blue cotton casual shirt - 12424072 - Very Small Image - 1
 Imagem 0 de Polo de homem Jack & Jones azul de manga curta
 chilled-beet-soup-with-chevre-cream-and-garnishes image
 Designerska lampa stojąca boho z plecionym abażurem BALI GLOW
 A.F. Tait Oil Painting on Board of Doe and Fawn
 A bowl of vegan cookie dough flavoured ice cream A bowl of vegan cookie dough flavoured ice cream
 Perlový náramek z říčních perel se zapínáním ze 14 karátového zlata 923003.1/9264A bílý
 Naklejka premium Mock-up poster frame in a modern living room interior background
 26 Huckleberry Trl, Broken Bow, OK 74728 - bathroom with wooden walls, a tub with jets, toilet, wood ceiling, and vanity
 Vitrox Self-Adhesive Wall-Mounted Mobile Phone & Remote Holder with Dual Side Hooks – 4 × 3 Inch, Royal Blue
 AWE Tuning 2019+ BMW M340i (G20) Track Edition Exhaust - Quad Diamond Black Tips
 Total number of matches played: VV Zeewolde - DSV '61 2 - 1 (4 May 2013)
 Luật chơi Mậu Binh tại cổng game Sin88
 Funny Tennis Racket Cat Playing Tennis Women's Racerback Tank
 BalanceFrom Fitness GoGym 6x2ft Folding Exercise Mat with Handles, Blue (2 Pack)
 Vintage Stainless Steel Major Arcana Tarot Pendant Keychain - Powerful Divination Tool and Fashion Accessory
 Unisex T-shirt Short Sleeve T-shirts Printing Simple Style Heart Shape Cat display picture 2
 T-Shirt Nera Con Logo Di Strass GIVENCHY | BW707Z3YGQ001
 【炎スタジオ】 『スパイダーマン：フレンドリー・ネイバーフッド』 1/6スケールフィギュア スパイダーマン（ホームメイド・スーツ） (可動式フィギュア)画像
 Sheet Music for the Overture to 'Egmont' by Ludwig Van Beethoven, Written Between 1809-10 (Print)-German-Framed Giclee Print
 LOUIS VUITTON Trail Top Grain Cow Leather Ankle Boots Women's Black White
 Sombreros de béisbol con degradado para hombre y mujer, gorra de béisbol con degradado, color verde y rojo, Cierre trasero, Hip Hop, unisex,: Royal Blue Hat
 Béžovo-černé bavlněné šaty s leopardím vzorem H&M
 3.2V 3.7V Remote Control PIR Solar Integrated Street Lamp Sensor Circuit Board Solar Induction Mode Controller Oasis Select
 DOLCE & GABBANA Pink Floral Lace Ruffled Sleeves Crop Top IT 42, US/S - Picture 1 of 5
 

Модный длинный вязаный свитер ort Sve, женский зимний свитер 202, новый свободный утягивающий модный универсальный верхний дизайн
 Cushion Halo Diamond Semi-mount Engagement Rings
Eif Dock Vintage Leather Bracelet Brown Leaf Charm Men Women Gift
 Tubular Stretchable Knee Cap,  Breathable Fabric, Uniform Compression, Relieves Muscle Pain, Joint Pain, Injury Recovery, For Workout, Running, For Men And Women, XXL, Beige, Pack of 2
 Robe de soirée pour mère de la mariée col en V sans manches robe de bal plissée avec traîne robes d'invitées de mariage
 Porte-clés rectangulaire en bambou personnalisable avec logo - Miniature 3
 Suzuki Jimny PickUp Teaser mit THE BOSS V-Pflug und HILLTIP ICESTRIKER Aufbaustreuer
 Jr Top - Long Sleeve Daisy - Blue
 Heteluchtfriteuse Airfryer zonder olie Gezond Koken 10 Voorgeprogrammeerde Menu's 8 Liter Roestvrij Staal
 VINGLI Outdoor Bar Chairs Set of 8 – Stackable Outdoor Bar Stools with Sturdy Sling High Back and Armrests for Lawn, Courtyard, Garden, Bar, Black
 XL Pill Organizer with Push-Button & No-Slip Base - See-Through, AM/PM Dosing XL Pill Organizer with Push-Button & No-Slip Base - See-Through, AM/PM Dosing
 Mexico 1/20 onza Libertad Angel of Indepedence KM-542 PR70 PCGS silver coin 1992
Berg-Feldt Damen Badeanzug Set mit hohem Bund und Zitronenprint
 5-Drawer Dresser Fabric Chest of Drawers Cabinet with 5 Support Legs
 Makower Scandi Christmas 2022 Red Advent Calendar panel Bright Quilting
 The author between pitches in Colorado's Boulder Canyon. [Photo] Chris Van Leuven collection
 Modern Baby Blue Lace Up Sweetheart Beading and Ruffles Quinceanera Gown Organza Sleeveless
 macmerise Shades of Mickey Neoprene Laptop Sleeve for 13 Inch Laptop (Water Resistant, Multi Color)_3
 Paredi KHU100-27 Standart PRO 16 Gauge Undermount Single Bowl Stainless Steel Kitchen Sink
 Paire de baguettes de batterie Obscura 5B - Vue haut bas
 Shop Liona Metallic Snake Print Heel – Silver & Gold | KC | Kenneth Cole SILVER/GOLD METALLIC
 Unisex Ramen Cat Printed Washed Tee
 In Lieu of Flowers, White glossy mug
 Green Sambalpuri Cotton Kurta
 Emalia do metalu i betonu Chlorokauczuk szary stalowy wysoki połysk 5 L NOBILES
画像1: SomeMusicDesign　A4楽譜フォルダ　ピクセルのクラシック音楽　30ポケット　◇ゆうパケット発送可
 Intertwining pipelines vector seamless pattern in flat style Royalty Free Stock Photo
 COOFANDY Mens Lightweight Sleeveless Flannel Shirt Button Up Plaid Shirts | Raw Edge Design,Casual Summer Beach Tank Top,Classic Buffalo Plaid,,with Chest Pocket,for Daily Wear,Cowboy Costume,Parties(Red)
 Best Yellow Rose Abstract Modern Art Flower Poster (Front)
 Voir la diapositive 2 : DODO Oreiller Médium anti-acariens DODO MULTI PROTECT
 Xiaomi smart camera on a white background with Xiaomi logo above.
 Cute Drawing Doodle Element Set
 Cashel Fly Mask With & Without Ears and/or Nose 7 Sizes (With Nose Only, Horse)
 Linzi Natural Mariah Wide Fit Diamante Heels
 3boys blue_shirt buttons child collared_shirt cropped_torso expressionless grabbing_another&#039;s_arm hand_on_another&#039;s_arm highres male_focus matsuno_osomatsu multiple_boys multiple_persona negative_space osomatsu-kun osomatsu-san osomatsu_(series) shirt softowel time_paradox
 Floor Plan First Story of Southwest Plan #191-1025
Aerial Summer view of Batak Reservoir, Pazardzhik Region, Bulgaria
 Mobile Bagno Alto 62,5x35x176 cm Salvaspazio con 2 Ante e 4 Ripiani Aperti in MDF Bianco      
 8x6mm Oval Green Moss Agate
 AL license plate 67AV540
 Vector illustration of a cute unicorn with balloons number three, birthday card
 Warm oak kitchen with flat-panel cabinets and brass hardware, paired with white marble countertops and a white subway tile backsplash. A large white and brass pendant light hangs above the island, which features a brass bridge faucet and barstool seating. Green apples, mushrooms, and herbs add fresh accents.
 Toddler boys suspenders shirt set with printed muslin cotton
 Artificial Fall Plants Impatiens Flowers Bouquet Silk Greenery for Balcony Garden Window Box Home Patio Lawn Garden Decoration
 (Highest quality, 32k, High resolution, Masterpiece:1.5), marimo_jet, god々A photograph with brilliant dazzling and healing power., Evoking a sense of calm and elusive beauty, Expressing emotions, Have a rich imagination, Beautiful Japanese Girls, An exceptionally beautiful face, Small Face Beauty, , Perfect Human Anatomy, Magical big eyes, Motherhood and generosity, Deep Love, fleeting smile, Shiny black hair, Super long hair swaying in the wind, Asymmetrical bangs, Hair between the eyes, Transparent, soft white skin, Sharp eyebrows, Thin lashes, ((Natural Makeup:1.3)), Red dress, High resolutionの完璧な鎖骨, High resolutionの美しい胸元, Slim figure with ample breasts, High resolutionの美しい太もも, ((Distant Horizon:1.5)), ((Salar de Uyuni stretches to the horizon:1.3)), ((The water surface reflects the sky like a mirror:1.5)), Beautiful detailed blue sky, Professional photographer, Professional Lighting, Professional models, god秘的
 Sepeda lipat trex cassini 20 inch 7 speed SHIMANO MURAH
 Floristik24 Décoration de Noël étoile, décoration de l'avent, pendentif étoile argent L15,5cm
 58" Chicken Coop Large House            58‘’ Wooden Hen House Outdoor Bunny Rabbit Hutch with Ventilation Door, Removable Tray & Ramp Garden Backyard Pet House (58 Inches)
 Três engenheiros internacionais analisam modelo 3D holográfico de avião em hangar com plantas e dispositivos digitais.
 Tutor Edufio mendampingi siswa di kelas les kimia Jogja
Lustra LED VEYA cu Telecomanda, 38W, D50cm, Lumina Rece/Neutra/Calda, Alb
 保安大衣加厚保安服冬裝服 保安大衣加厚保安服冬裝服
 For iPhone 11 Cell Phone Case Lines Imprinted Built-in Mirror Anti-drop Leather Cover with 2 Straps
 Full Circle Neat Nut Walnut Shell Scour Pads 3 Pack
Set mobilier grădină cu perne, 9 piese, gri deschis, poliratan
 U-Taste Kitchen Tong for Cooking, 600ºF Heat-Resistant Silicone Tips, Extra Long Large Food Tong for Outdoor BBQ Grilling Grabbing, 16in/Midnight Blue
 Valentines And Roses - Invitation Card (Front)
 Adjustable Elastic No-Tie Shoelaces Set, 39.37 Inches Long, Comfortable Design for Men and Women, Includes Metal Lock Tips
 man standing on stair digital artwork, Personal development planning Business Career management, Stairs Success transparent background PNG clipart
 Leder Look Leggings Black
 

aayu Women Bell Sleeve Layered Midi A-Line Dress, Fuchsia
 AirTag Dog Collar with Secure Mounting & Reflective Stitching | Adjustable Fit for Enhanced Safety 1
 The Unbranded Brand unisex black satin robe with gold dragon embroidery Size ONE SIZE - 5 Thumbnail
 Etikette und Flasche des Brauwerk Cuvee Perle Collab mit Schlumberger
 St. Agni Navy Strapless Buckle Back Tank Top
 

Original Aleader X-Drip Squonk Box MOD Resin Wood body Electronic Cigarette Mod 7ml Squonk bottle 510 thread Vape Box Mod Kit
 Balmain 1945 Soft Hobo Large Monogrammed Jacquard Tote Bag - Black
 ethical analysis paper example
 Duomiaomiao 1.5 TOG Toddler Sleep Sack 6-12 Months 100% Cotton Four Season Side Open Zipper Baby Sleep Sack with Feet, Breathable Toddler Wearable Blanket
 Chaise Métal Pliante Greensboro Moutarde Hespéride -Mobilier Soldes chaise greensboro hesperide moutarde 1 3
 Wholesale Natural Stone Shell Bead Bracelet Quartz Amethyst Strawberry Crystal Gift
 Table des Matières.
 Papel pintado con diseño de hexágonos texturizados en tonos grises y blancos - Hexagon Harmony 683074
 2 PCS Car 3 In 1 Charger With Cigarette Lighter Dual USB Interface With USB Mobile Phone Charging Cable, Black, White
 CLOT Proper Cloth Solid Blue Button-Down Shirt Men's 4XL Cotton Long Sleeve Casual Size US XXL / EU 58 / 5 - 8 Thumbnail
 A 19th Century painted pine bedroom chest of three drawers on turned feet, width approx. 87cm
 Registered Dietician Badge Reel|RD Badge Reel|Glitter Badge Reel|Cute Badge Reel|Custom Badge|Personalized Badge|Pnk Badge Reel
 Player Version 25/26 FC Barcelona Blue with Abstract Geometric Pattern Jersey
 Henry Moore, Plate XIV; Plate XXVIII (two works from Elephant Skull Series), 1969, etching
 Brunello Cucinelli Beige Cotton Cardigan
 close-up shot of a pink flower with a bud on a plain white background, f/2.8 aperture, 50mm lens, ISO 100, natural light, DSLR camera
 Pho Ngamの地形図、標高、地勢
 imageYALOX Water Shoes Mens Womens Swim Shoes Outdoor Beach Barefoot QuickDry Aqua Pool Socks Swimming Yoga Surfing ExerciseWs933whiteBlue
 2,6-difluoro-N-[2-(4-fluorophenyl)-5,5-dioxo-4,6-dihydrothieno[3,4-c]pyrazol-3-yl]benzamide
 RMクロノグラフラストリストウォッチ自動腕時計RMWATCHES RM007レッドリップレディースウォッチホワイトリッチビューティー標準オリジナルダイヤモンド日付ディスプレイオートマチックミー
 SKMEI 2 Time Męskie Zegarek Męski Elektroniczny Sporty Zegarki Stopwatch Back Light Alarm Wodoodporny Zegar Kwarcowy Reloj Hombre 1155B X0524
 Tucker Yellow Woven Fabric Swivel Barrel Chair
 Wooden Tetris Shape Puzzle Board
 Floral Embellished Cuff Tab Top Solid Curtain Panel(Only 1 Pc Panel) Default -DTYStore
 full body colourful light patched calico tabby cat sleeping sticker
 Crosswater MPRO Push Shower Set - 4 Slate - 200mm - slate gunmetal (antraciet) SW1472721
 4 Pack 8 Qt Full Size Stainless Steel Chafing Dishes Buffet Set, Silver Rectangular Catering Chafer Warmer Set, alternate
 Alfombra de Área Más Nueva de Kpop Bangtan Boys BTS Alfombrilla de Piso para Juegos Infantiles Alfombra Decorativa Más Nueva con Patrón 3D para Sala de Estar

━━━━━━━━━━━━━━━━━━━━━━━━━━━━━━

Please give an exact copy of the entries above, from the line with "Henry Moore, Plate" down to the line with "imageYALOX Water Shoes", inclusive, and nothing else.

 Henry Moore, Plate XIV; Plate XXVIII (two works from Elephant Skull Series), 1969, etching
 Brunello Cucinelli Beige Cotton Cardigan
 close-up shot of a pink flower with a bud on a plain white background, f/2.8 aperture, 50mm lens, ISO 100, natural light, DSLR camera
 Pho Ngamの地形図、標高、地勢
 imageYALOX Water Shoes Mens Womens Swim Shoes Outdoor Beach Barefoot QuickDry Aqua Pool Socks Swimming Yoga Surfing ExerciseWs933whiteBlue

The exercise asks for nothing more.